To heartwire , she elaborated: "I think these risk schemes are most useful when examined in terms of the absolute stroke risk. For a patient who wants to avoid stroke at all costs, then using CHA2DS2-VASc thresholds for anticoagulation may be reasonable, because it recommends against anticoagulation only for very low-risk patients. However, my personal feeling is that given the risks associated with anticoagulation, by using CHA2DS2-VASc in an entire population, we may be recommending anticoagulation to many people who may still have low stroke risk."

The criteria of vascular disease are vague. . . . Based on this, CHADS 2 is still easier to apply than CHA 2 DS 2 -VASc.

And while some of the newer factors in CHA2DS2-VASc are easy to define, such as female sex and age, vascular disease is not, she says. "Ischemic heart disease may not be the same as peripheral arterial disease or aortic atherosclerosis. Thus the criteria of 'vascular disease' are vague, difficult to apply to general practice, and not well-supported in the literature. Based on this, CHADS2 is still easier to apply than CHA2DS2-VASc."

But Lip says it is almost always pretty obvious to most clinicians who is at high risk of a stroke with AF and who needs anticoagulation, regardless of any score, but it is the "intermediate" patients who are the ones in which "you have to bring into consideration patient values and preferences." 

And Lip and Fang both agree that the advent of newer oral anticoagulants--such as dabigatran (Pradaxa, Boehringer Ingelheim)--which are more convenient than warfarin because they don't require continuous monitoring and are potentially safer, will likely change the landscape for the prevention of stroke in AF.

"We are seeing a whole ballpark change with the availability of new anticoagulants," says Lip. "These new drugs are safer, so some are suggesting that the threshold for starting oral anticoagulation should be as low as 0.9% stroke rate/year."
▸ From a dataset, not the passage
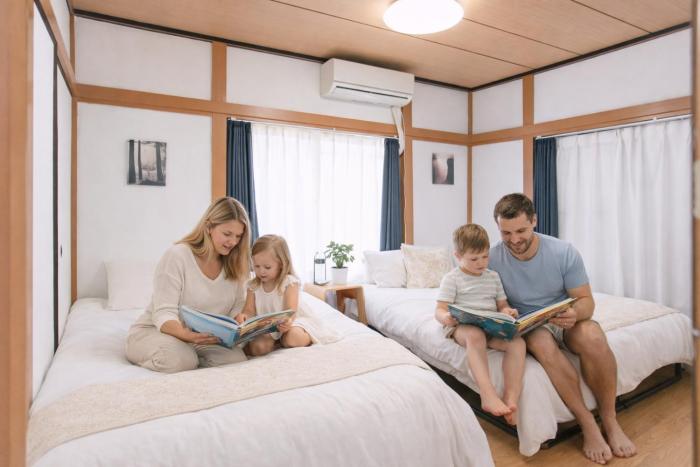 6 minutes walk from Ichikawa Station Single-family house with 3 bedrooms and 1 living room Rich living facilities around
Fang says more research is needed, however. "An important consideration for future studies is whether the development of alternative treatments . . . should induce clinicians to lower the threshold at which they prescribe anticoagulants. If anticoagulation becomes safer, it might be recommended for use in more patients with AF, particularly those at intermediate or even low risk of stroke. This is an area where consideration must be given to the patient's preference, the balance between absolute benefit and risk, and the cost of care."  

Both the authors and the editorialist report that they have no conflicts of interest.